PARIS — NASA has revised and expanded a set of objectives it will use to guide its architecture for lunar and Mars exploration after receiving volumes of feedback from commercial and international partners.
The agency released the revised list of 63 objectives to coincide with a presentation by the agency’s deputy administrator, Pam Melroy, at the International Astronautical Congress here Sept. 20. The document is an updated version of 50 objectives for transportation and habitation, lunar and Martian infrastructure, operations and science that the agency released in May for public comment.
“Our overarching goal is to create a blueprint for sustained human presence and exploration throughout the solar system,” Melroy said in her speech.
The original draft of 50 objectives generated more than 5,000 comments from industry, international partners and the general public. The agency then invited some of those who submitted comments to two workshops, in Houston and in London, for additional discussion.
One change is that the science objectives were “completely restructured,” she said. The original objectives focused only on lunar science with no Mars-specific goals other than carrying out the Mars Sample Return campaign. “That’s kind of important. We do have to know what we need to learn at Mars before we send humans.”
NASA also rewrote the objectives to make them more consistent in the level of detail, and added categories such as “science-enabling” objectives that develop techniques to support science as well as applied science. The result was 26 science objectives, compared to 20 in the original one, most of which apply to both the moon and Mars.
The revised document now includes a set of nine “recurring tenets,” or common themes across all objectives. An example of that is explicitly mentioning responsible use of space and defining what that means.
“We just considered it was consistent with our responsibility obligations and it was something that was just assumed, but it wasn’t explicitly stated,” she said. Other recurring tenets included in the document range from international and industry collaboration to interoperability and reuse.

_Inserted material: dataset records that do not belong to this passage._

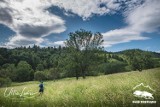 Wirtualny Bieg Rzeźnika w Bieszczadach. Trym razem w innej formie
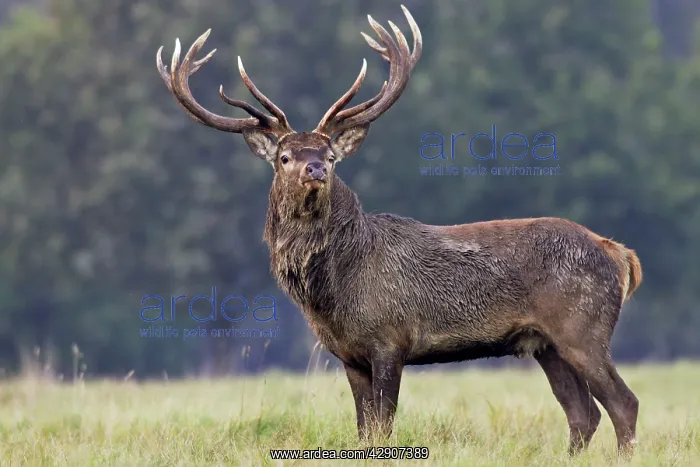 : Red Deer - male : Red Deer - male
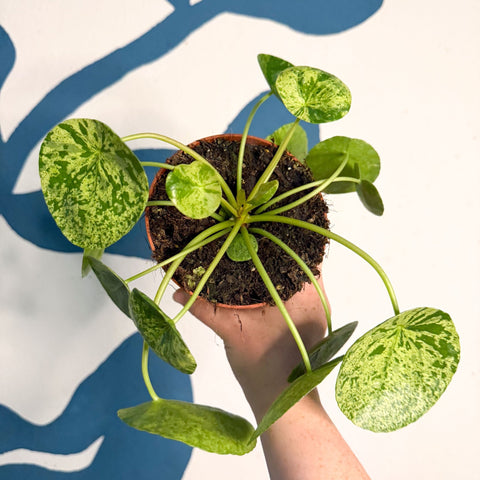 Pilea peperomioides ‘Mojito’ - Variegated Chinese Money Leaf - Sprouts of Bristol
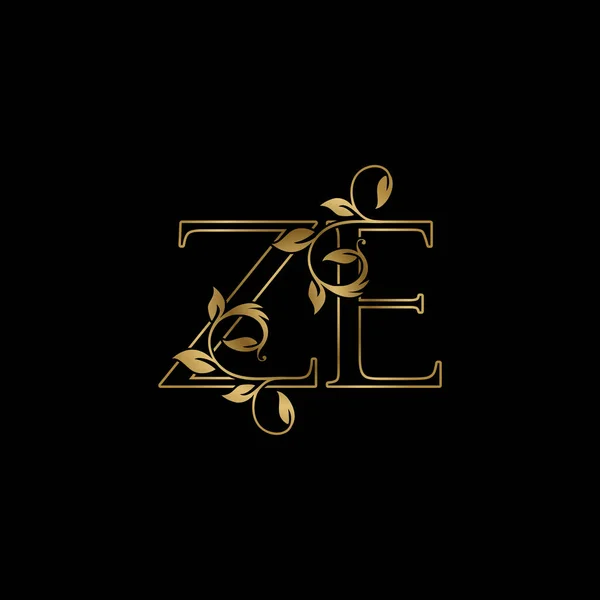 Goldene Umrisse Anfangsbuchstaben Und Luxury Logo Icon Vintage Gold Letter — Stockvektor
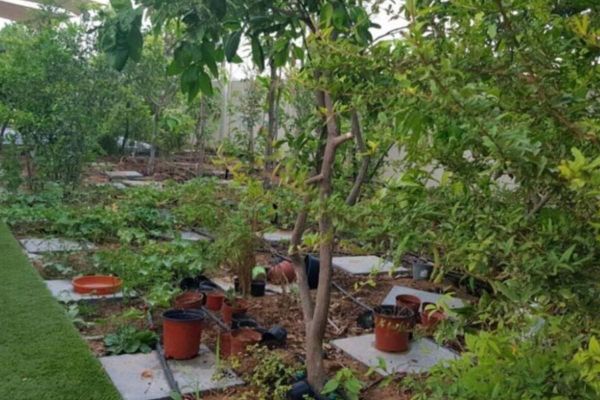 UAE: A Complete Guide to Importing Plants and Agricultural Shipments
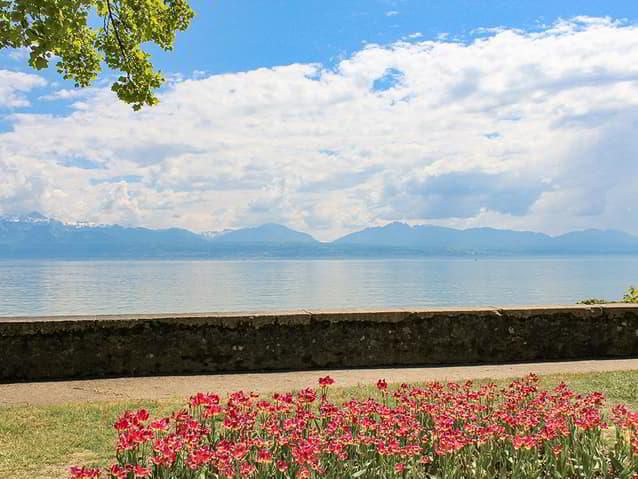 MORGES WEST - BEAUTIFUL DUPLEX - 5.5 ROOMS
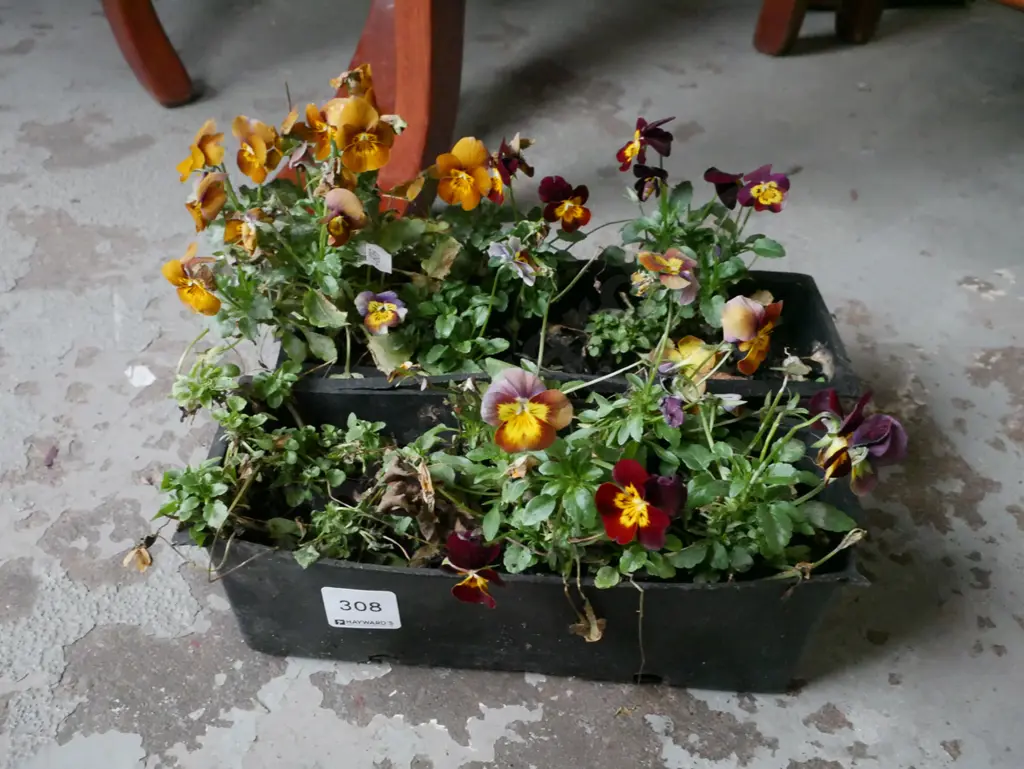 2x potted pansies Image 1++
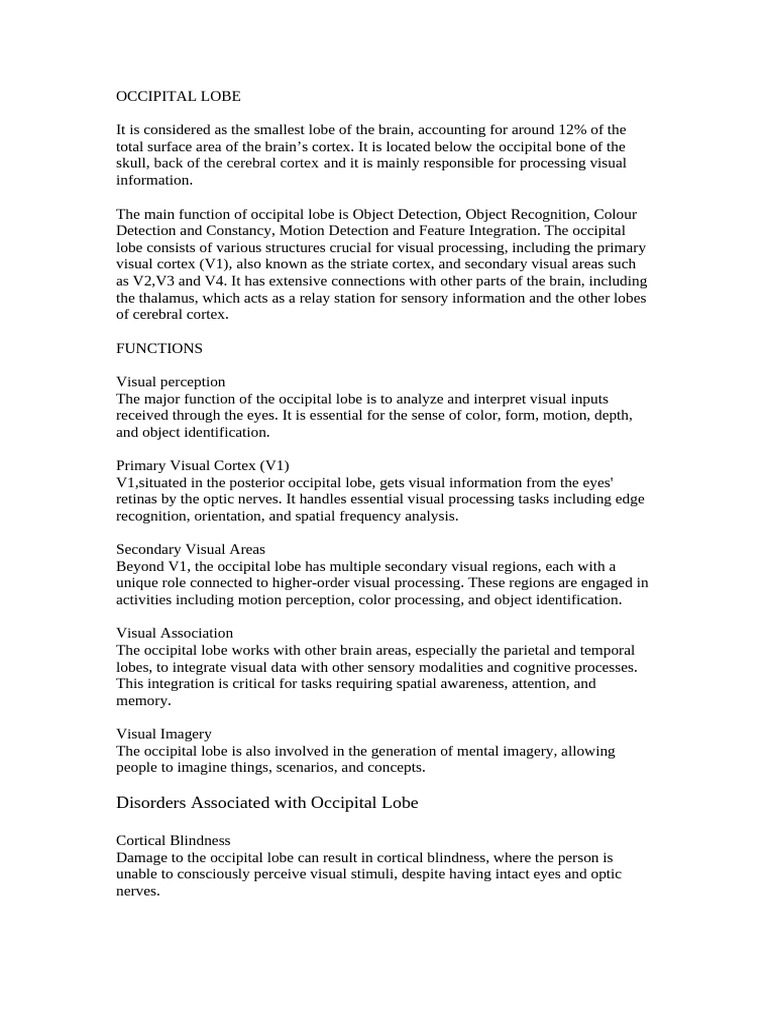 Occipital Lobe: Visual Processing Functions | PDF | Visual Cortex ...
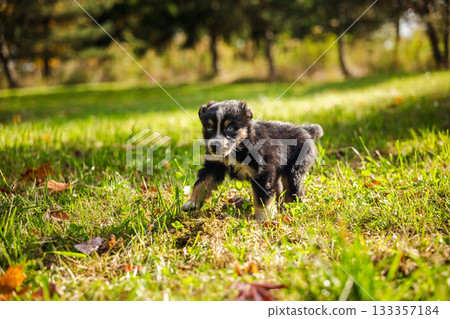 Black Australian Shepherd puppy with blue eyes walking on green grass in a sunny park surrounded by trees and autumn leaves Black Australian Shepherd puppy with blue eyes walking on green grass in a sunny park surrounded by trees and autumn leaves 133357184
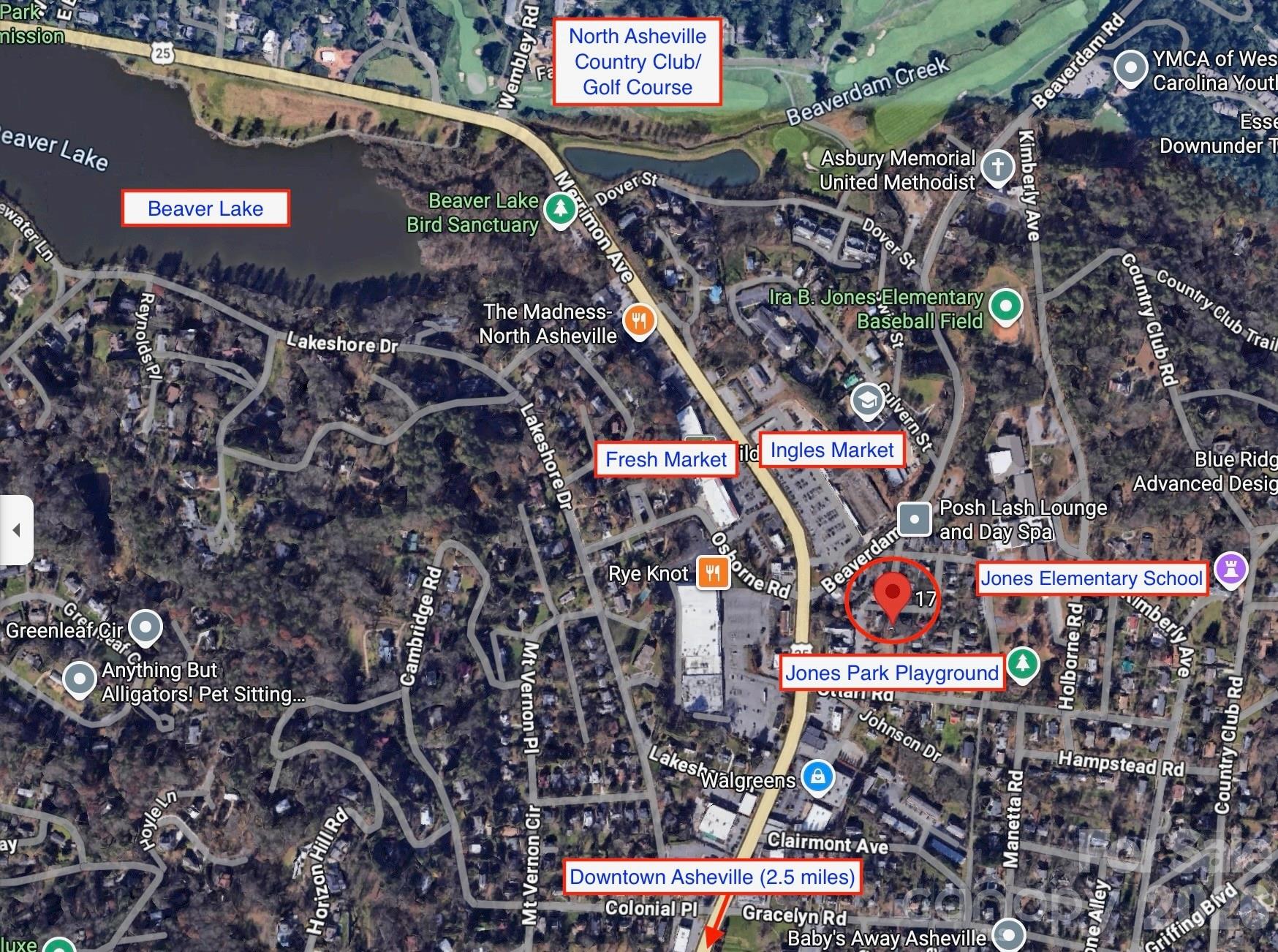 17 Irving Street Asheville NC 28803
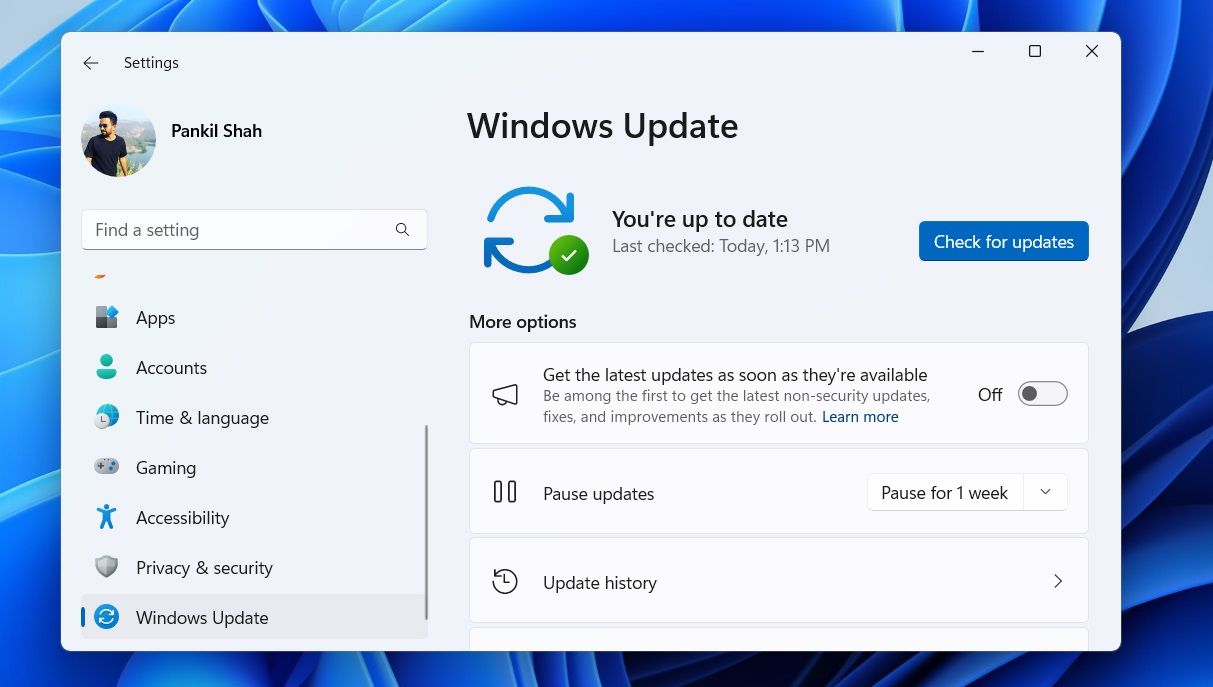 Windows Update Tab in Windows 11 Settings App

The objectives are part of a broader approach by NASA to develop an architecture for human and robotic exploration and use that to guide programs. “We have a founding principle to architect from the right and execute from the left,” she said, meaning developing an architecture to meet a desired goal and use that to guide work on existing programs.
Melroy said NASA planned a “regular cadence” of workshops to provide new input into that architecture and set of objectives. “We’re going to be revisiting the architecture on an annual basis,” she said. “Our watch words are refinement, analysis review and engagement, and that’s a cycle we intend to repeat.”
The revised objectives won an endorsement from one organization, the American Astronautical Society (AAS). “It is especially important that NASA has put science up front and prioritized international cooperation, goals AAS has championed goals since its founding,” Alan DeLuna, president of AAS, said in a statement.